By: Dr. Rulia Akhtar

Education stands as a crucial element in addressing worldwide poverty. It is universally acknowledged as the cornerstone for the technological, economic, social, and political advancement of nations. Countries across the globe acknowledge the necessity of incorporating practical and functional aspects into education, where the acquisition of skills and the development of competencies lead to increased productivity, fostering societal development, and elevating the per capita income of individuals. Nevertheless, diverse forms of education exist, and employing vocational education as a strategy to diminish poverty holds significant importance. Technical and Vocational Education and Training (TVET) emerge as pivotal components for nurturing a workforce equipped with skills essential for the contemporary job landscape, aiming to alleviate poverty levels, as outlined in Goal 1.

Dr. Rulia Akhtar

TVET is a systematic and targeted approach to learning with the aim of making individuals highly efficient in specific occupations and economic pursuits. This method expeditiously equips individuals to join the competitive workforce, enhancing their skills to adapt to the swiftly evolving technological landscape. Vocational training enables individuals to acquire specific skills tailored to various job types, particularly those in technical or trade-based fields such as electrical work or sewing.
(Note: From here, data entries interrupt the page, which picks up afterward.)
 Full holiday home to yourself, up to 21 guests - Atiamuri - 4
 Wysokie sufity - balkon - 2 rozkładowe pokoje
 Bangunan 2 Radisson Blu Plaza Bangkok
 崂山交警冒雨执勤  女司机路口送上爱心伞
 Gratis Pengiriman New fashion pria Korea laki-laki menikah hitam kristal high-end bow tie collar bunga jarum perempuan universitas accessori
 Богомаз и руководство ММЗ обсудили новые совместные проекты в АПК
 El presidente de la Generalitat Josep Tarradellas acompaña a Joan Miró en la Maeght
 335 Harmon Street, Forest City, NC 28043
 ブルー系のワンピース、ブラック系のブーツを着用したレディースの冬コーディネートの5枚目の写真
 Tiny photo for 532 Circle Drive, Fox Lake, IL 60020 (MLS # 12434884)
According to UNESCO, a robust and high-quality TVET program represents a viable educational pathway capable of fostering sustainable empowerment. It is recognized as a potent force driving the productive sectors of an economy, serving as a key element in poverty reduction and empowerment, ultimately contributing to enhanced social and economic productivity and competitiveness.
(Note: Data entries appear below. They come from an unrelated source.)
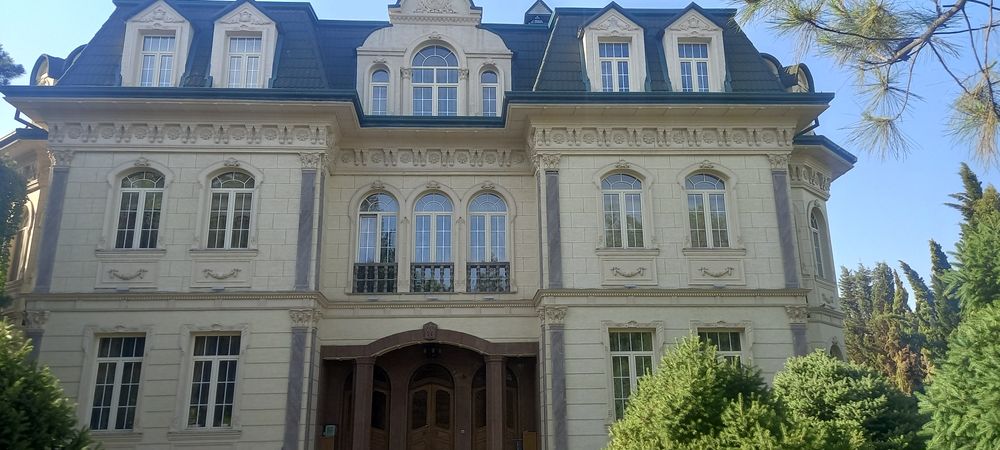 Fasad ishlari Travertin Marmarino Leanardo Luchento Bazalt Tyaga va ha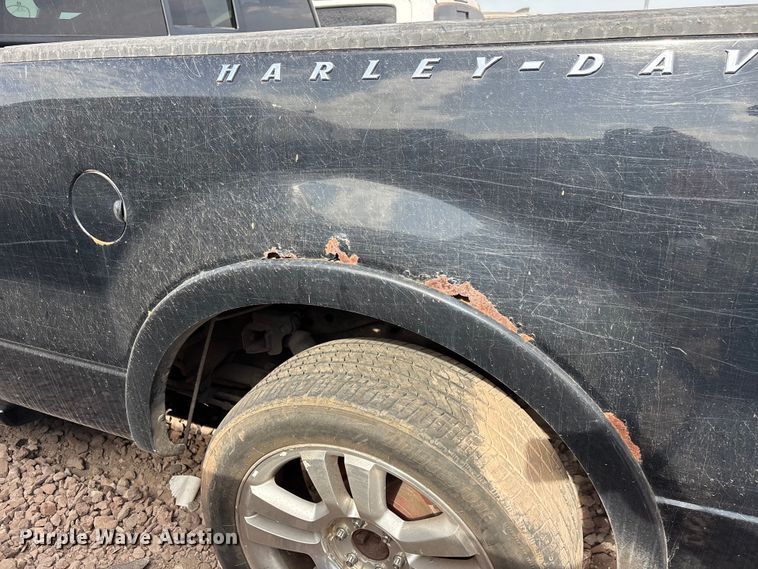 image for item YA3940 2006 Ford F150 Ext. Cab pickup truck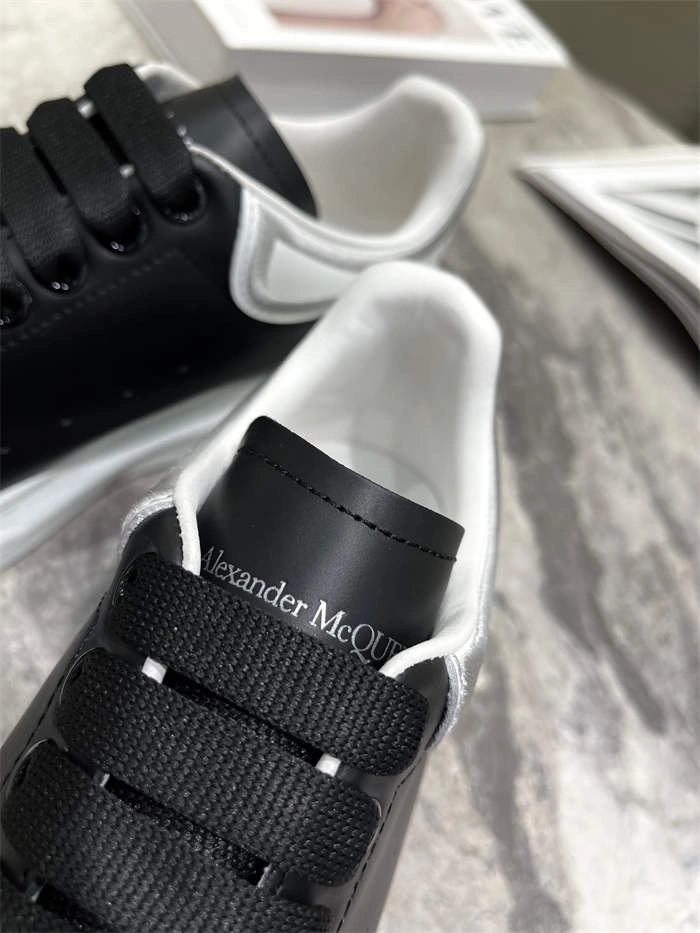 ale*d*r M*Q*en oversized sleek 2586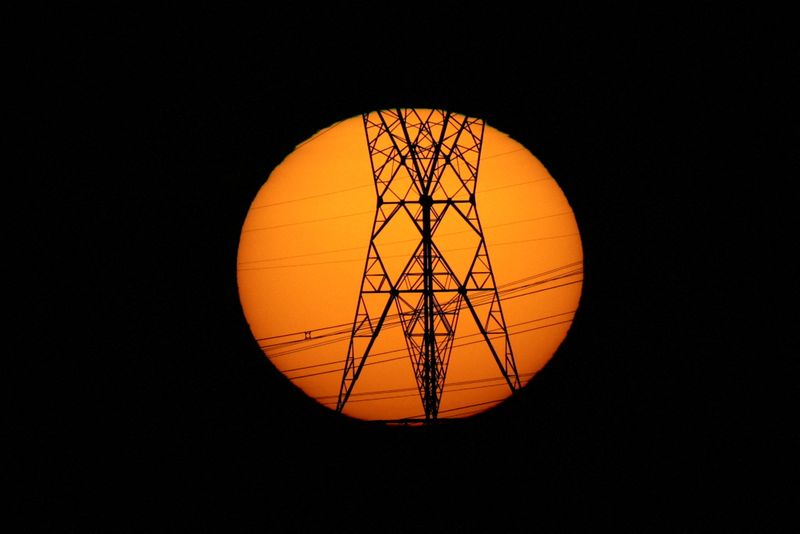 &copy; Reuters. Torres de transmissão de energia elétrica durante o pôr-do-sol em Brasília
06/06/2022 REUTERS/Ueslei Marcelino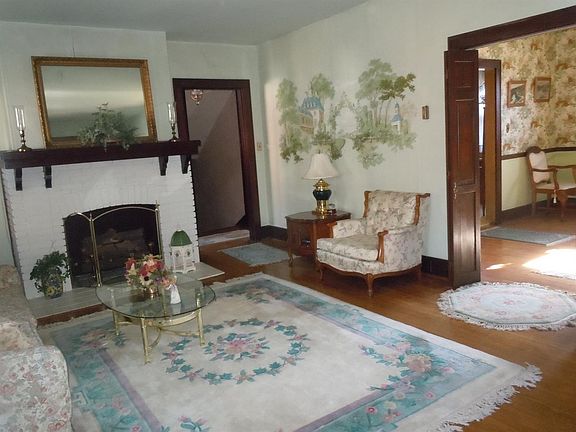 5th image of 122 N 1st St #1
Poverty can take many different forms. These include not having enough money or resources to support oneself, hunger, malnutrition, illness, lack of access to necessary services and education, high rates of illness and death, homelessness, and poor, dangerous, and damaged surroundings. Additionally, social discrimination and exclusion contribute to the multifaceted nature of poverty. Vocational and technical education is frequently characterized as an educational form designed to prepare individuals for employment in specific occupations or occupational groups. The cultivation of skills through vocational and technical education is now consistently emphasized as a top priority by education ministers in both developing and developed nations. Consequently, countries worldwide are actively working to promote TVET.

In Malaysia, there are more than 1,000 TVET institutions, with 506 of them being public institutions. Malaysia has diligently undertaken measures to advance sustainable development through TVET education and is committed to continuing these efforts. TVET assumes a crucial role in fostering sustainable development within Malaysia, serving as a vital component in addressing the skills gap by aligning education with industry needs. This approach results in the creation of a skilled and adaptable workforce, enhancing Malaysia’s global competitiveness and attractiveness for high-quality investments.
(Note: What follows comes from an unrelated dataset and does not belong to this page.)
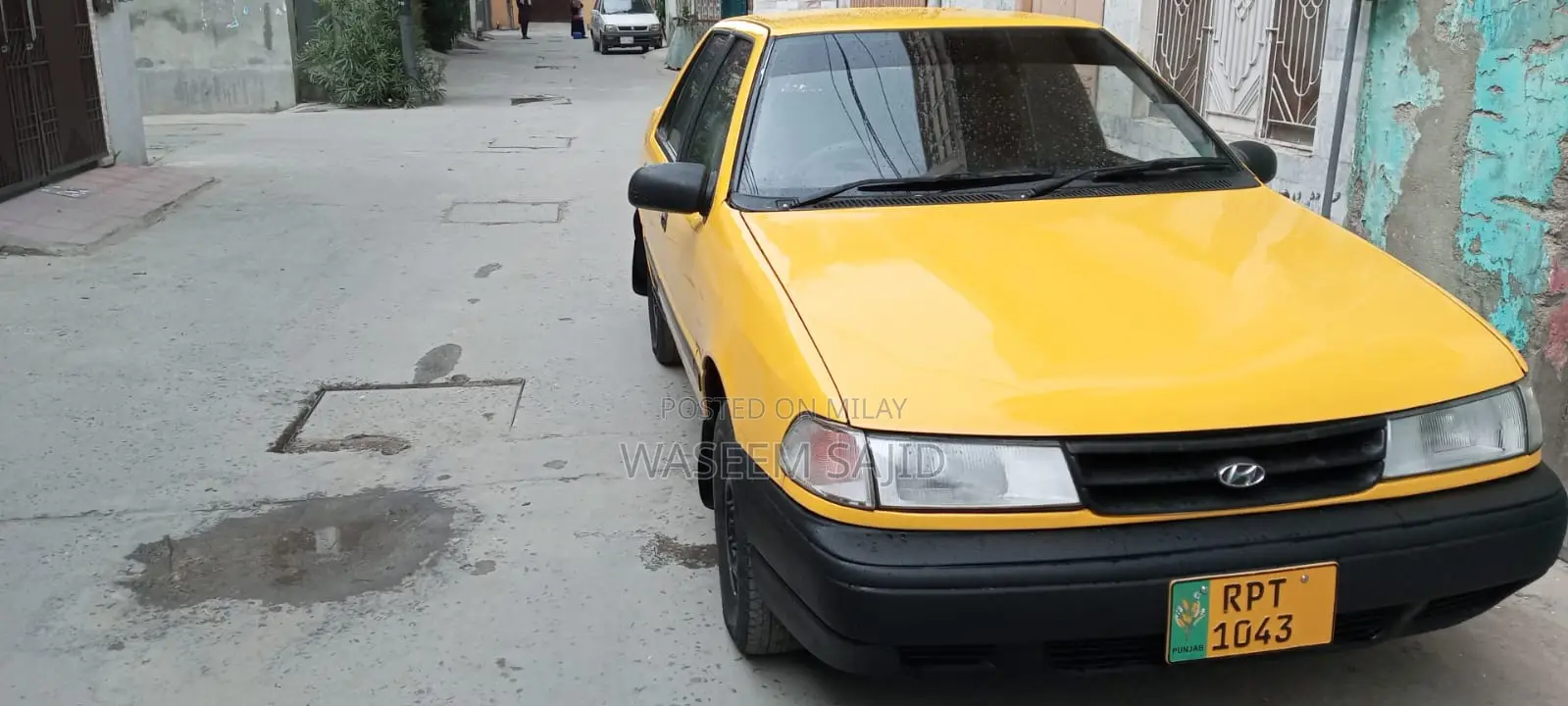 Hyundai Excel Base Sedan 1993 Yellow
The Ministry of Education claims that TVET programmes were created in response to industry needs and to further economic growth in line with technological advancements, global workforce mobility, globalisation, and the knowledge-based economy. TVET education plays a major role in creating a skilled labour force, which is in line with Malaysia’s goal of becoming a developed country.

TVET stands as a crucial platform for attaining sustainable development, with an emphasis on achieving the Quality Education goal outlined in SDG (Goal 4). Malaysia has diligently taken steps to fulfil its sustainable education development goals, with the Malaysian Economic Planning Unit spearheading sustainable development initiatives for the country. The increasing demand for TVET is driven by its unique ability to empower students for job independence, distinguishing it from other streams reliant on specific job openings in the government, private sector, corporate sphere, or industries.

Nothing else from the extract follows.